Du référé précontractuel au référé contractuel : la passerelle … à certaines conditions

Du référé précontractuel au référé contractuel : la passerelle … à certaines conditions

Tout candidat à la conclusion d’un marché public peut saisir le juge du référéprécontractuel, lorsqu’il veut faire sanctionner un ou des manquements du pouvoir adjudicateur à ses obligations de publicité et de mise en concurrence (art. L. 551-1 CJA). 

Cependant, le juge du référé précontractuel doit être « saisi avant la conclusion du contrat » et ne demeure compétent que tant que le marché public projeté n’a pas été signé par le pouvoir adjudicateur.

Mais, les candidats ne sont pas toujours tenus informés, tout au moins en temps et heure, de la signature du marché avant d’avoir saisi le juge du référé précontractuel. Et ce, même à l’occasion des procédures formalisées, malgré les dispositions de l’article 80 CMP qui imposent d’attendre entre 11 à 16 jours (suivant la situation) entre l’envoi de l’information aux candidats malheureux du rejet de leur offre et la signature du marché.

Et, si la signature du marché est intervenue, le juge du référé précontractuel se trouve dessaisi : le candidat malheureux dispose alors de la faculté de saisir le juge du référécontractuel (art. L.551-13 CJA).
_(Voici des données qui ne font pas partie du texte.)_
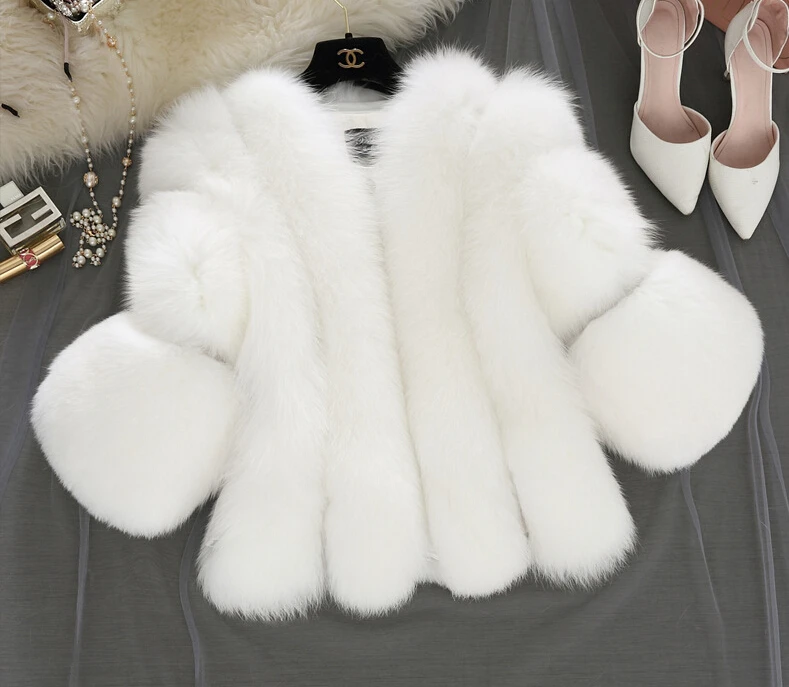 Фирменное короткое пальто с мехом Модные женские зимние искусственным лисьим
Aux termes des dispositions des articles L.551-1 et L.551-13 CJA précitées, ces deux procédures sont distinctes lune de l’autre (et, au demeurant, le référé contractuel n’est pas recevable si un référé précontractuel a été mis en oeuvre et que le pouvoir adjudicateur s’est conformé à la décision juridictionnelle rendue en précontractuel).

Le Conseil d’Etat vient toutefois de préciser qu’une « passerelle » existe entre ces deux référés, sous certaines conditions (CE, 10 novembre 2010, France Agrimer, req. n° 340944).

Dans cette affaire le candidat malheureux avait introduit un référé précontractuel contre la procédure de passation de plusieurs lots d’un marché. Ce candidat n’avait pas été informé, conformément aux dispositions de l’article 80 CMP, du rejet de ses offres et de la décision d’attribution qui avait été prise par le pouvoir adjudicateur (France Agrimer).

En défense devant le juge du référé précontractuel, France Agrimer avait opposé la signature des lots dont la procédure de passation était contestée. Cette défense avait conduit le candidat malheureux à solliciter, par un mémoire en réplique dans le cadre de la même instance, l’annulation des lots ainsi signés, sur le fondement des dispositions de l’article L.551-13 CJA (c’est-à-dire au titre du référé contractuel).

Le juge des référés précontractuels du tribunal administratif de Montreuil avait alors considéré qu’il avait été valablement saisi d’un référé contractuel : il a donc statué sur l’action (et, en l’espèce, ordonné la résiliation des lots en cause).

Estimant que le premier juge avait commis une erreur de droit en admettant recevable le référé contractuel formé par le candidat malheureux par le biais d’un mémoire en réplique, France Agrimer avait donc saisi le Conseil d’Etat.

Ce dernier a rejeté le pourvoi en considérant que le juge des référés a été valablement saisi par le biais du mémoire en réplique d’un référé contractuel sur le fondement de l’article L.551-13 CJA dès lors que ce mémoire « ne contenait que des conclusions fondées sur cet article » et dans la mesure où le candidat malheureux n’avait été informé de la signature des lots contestés que par le biais du mémoire en défense de France Agrimer (régularisé dans l’instance de référé précontractuel).

Bien, comme le rappelle expressément le Conseil d’Etat, que les référés précontractuels «sont présenté(e)s et jugé(e)s selon des règles distinctes » des référés contractuels, il existe donc, dans certaines conditions, une passerelle entre ces deux procédures dans le cadre d’une instance unique, ce qui, de façon pragmatique et efficiente, n’oblige donc pas le justiciable dans telle situation à procéder à une nouvelle saisine de la juridiction administrative.